I've searched up everywhere, and ive gathered pipelines or something. I've checked other programs and it seems like theres a single-cycle & multicycle: Clock cycles of Single-cycle and multi-cycle MIPS

How do I tell the difference for what cycle.

like for example, how many clock cycles would this be:

li $a0, 0 # $a0 = 0
 li $t0, 10 # Initialize loop counter to 10
Loop:
 add $a0, $a0, $t0
 addi $t0, $t0, -1 # Decrement loop counter
 bgt $t0, $zero, Loop # If ($t0 > 0) Branch to loop

My professor gave me this for an assignment: "Assume that loading and storing values in memory cost 100 cycles plus the cost of the instruction itself."
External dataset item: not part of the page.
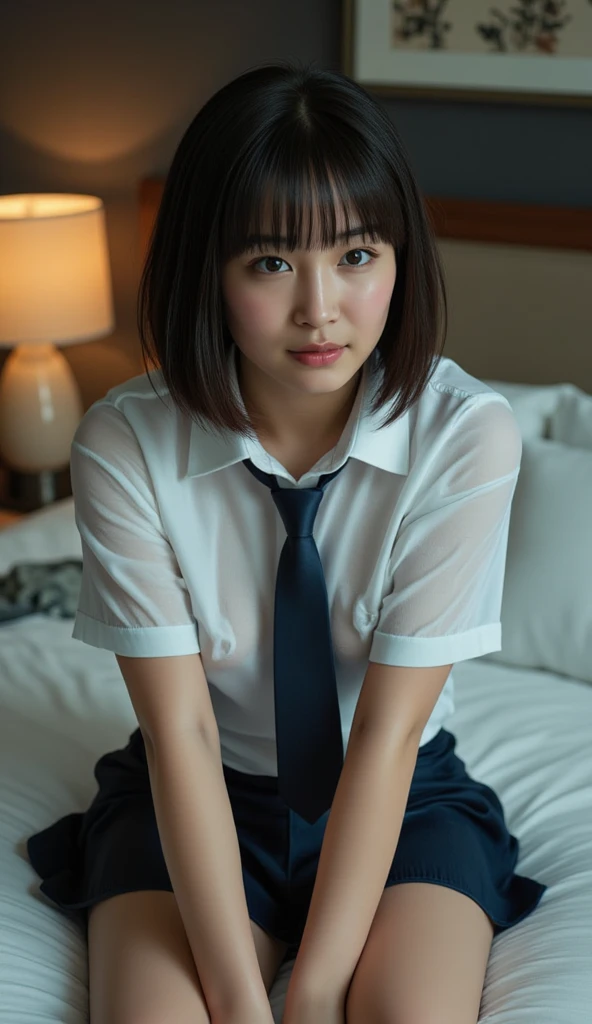 Masterpiece，Highest quality，Official Art，Highly detailed CG Unity 8k wallpapers, Best Quality, 8k, 12 Year Old Naked Girls, tits小さい, 、Raw photo, Absurd, Award-winning portraits, A shy smile, Solo, , , Delicate girl, upper body, Digital SLR, Looking at the Viewer, Frank, Sophisticated, Thin arms, maid Cafe, (Detailed eyes and face:1.0), (Senile:1.1)、((NSFW:1.7、Real))、1 Girl, ((Schoolgirl uniform)), View your viewers, Young face、Satisfied expression, (( Spreading legs、With legs apart、Mainly crotch)),Show your chest、、tits、Small breasts、、((Genitals))、((((10 years old)))))、(((Genitals)))、(Pussy line)、((((Japanese elementary school students、She has a short hair style、Japanese Junior Idols、I was in ecstasy.....、、I feel ecstasy、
From what I've read, loading is 5 cycles, so why is my professor saying its 100 cycles. Can I make it whatever number I want? I'm very confused.

回答1:

This question doesn't make sense.

The standard multi-cycle RISC pipeline, as used in most educational MIPS implementations, is fundamentally based around the requirement that program and data memory can both be accessed simultaneously in a single cycle. To "assume that loading and storing values in memory cost 100 cycles" would require a completely different architecture.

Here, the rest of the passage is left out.